● Description of the task
Retype the data below without altering anything.

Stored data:
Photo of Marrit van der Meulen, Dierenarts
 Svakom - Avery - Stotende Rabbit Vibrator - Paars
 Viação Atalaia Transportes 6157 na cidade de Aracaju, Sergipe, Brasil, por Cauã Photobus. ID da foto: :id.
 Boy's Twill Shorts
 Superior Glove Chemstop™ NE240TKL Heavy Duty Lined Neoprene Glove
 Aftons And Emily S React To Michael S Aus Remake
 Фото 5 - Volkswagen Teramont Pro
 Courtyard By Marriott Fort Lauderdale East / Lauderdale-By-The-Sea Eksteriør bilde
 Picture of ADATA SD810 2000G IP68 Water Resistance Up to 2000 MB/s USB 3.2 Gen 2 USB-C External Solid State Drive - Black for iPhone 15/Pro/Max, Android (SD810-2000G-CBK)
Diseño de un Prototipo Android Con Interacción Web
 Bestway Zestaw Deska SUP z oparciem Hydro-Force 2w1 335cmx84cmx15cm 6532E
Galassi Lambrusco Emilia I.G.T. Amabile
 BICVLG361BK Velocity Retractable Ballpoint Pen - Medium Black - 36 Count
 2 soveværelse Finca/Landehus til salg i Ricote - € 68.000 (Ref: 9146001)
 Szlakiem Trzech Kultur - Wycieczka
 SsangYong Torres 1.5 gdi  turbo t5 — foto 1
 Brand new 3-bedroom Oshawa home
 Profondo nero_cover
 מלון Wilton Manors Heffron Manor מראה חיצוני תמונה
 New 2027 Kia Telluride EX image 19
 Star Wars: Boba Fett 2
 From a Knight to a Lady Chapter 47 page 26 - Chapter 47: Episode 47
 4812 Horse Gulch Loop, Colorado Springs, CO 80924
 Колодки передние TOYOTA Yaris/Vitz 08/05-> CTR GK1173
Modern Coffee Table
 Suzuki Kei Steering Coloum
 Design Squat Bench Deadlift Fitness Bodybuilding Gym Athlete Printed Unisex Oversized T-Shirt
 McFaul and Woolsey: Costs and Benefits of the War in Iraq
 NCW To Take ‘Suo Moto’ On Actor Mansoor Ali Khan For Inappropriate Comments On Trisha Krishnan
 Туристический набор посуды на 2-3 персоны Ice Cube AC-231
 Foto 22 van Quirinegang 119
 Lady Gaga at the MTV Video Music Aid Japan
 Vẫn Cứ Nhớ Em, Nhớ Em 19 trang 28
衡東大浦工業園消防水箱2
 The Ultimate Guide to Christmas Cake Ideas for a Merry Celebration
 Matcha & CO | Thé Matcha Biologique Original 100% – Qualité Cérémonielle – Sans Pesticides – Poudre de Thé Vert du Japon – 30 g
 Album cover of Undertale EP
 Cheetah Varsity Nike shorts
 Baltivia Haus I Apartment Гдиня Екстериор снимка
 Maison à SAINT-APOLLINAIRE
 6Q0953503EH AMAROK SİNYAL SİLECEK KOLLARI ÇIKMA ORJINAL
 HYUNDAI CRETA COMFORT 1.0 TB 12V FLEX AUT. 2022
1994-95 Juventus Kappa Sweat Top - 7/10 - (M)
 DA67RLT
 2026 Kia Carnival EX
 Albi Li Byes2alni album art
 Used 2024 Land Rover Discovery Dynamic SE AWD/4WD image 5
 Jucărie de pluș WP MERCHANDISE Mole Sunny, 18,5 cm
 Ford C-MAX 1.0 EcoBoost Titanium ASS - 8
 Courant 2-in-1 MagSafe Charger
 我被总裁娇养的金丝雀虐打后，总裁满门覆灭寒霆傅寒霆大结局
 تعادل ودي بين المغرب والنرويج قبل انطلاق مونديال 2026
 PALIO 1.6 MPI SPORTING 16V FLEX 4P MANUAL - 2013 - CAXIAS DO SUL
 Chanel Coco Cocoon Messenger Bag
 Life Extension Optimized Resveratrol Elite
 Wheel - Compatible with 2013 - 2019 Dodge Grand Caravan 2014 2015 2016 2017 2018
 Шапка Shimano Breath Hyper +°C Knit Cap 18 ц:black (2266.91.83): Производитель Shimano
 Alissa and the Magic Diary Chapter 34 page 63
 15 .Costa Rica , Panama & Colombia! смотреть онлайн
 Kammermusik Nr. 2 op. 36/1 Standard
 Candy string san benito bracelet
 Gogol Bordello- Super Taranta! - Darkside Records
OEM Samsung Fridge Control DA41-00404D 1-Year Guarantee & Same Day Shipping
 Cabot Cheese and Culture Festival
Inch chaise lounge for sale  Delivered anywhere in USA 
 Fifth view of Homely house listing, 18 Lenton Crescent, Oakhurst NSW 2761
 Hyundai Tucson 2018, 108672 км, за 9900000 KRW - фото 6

● Written answer
Photo of Marrit van der Meulen, Dierenarts
 Svakom - Avery - Stotende Rabbit Vibrator - Paars
 Viação Atalaia Transportes 6157 na cidade de Aracaju, Sergipe, Brasil, por Cauã Photobus. ID da foto: :id.
 Boy's Twill Shorts
 Superior Glove Chemstop™ NE240TKL Heavy Duty Lined Neoprene Glove
 Aftons And Emily S React To Michael S Aus Remake
 Фото 5 - Volkswagen Teramont Pro
 Courtyard By Marriott Fort Lauderdale East / Lauderdale-By-The-Sea Eksteriør bilde
 Picture of ADATA SD810 2000G IP68 Water Resistance Up to 2000 MB/s USB 3.2 Gen 2 USB-C External Solid State Drive - Black for iPhone 15/Pro/Max, Android (SD810-2000G-CBK)
Diseño de un Prototipo Android Con Interacción Web
 Bestway Zestaw Deska SUP z oparciem Hydro-Force 2w1 335cmx84cmx15cm 6532E
Galassi Lambrusco Emilia I.G.T. Amabile
 BICVLG361BK Velocity Retractable Ballpoint Pen - Medium Black - 36 Count
 2 soveværelse Finca/Landehus til salg i Ricote - € 68.000 (Ref: 9146001)
 Szlakiem Trzech Kultur - Wycieczka
 SsangYong Torres 1.5 gdi  turbo t5 — foto 1
 Brand new 3-bedroom Oshawa home
 Profondo nero_cover
 מלון Wilton Manors Heffron Manor מראה חיצוני תמונה
 New 2027 Kia Telluride EX image 19
 Star Wars: Boba Fett 2
 From a Knight to a Lady Chapter 47 page 26 - Chapter 47: Episode 47
 4812 Horse Gulch Loop, Colorado Springs, CO 80924
 Колодки передние TOYOTA Yaris/Vitz 08/05-> CTR GK1173
Modern Coffee Table
 Suzuki Kei Steering Coloum
 Design Squat Bench Deadlift Fitness Bodybuilding Gym Athlete Printed Unisex Oversized T-Shirt
 McFaul and Woolsey: Costs and Benefits of the War in Iraq
 NCW To Take ‘Suo Moto’ On Actor Mansoor Ali Khan For Inappropriate Comments On Trisha Krishnan
 Туристический набор посуды на 2-3 персоны Ice Cube AC-231
 Foto 22 van Quirinegang 119
 Lady Gaga at the MTV Video Music Aid Japan
 Vẫn Cứ Nhớ Em, Nhớ Em 19 trang 28
衡東大浦工業園消防水箱2
 The Ultimate Guide to Christmas Cake Ideas for a Merry Celebration
 Matcha & CO | Thé Matcha Biologique Original 100% – Qualité Cérémonielle – Sans Pesticides – Poudre de Thé Vert du Japon – 30 g
 Album cover of Undertale EP
 Cheetah Varsity Nike shorts
 Baltivia Haus I Apartment Гдиня Екстериор снимка
 Maison à SAINT-APOLLINAIRE
 6Q0953503EH AMAROK SİNYAL SİLECEK KOLLARI ÇIKMA ORJINAL
 HYUNDAI CRETA COMFORT 1.0 TB 12V FLEX AUT. 2022
1994-95 Juventus Kappa Sweat Top - 7/10 - (M)
 DA67RLT
 2026 Kia Carnival EX
 Albi Li Byes2alni album art
 Used 2024 Land Rover Discovery Dynamic SE AWD/4WD image 5
 Jucărie de pluș WP MERCHANDISE Mole Sunny, 18,5 cm
 Ford C-MAX 1.0 EcoBoost Titanium ASS - 8
 Courant 2-in-1 MagSafe Charger
 我被总裁娇养的金丝雀虐打后，总裁满门覆灭寒霆傅寒霆大结局
 تعادل ودي بين المغرب والنرويج قبل انطلاق مونديال 2026
 PALIO 1.6 MPI SPORTING 16V FLEX 4P MANUAL - 2013 - CAXIAS DO SUL
 Chanel Coco Cocoon Messenger Bag
 Life Extension Optimized Resveratrol Elite
 Wheel - Compatible with 2013 - 2019 Dodge Grand Caravan 2014 2015 2016 2017 2018
 Шапка Shimano Breath Hyper +°C Knit Cap 18 ц:black (2266.91.83): Производитель Shimano
 Alissa and the Magic Diary Chapter 34 page 63
 15 .Costa Rica , Panama & Colombia! смотреть онлайн
 Kammermusik Nr. 2 op. 36/1 Standard
 Candy string san benito bracelet
 Gogol Bordello- Super Taranta! - Darkside Records
OEM Samsung Fridge Control DA41-00404D 1-Year Guarantee & Same Day Shipping
 Cabot Cheese and Culture Festival
Inch chaise lounge for sale  Delivered anywhere in USA 
 Fifth view of Homely house listing, 18 Lenton Crescent, Oakhurst NSW 2761
 Hyundai Tucson 2018, 108672 км, за 9900000 KRW - фото 6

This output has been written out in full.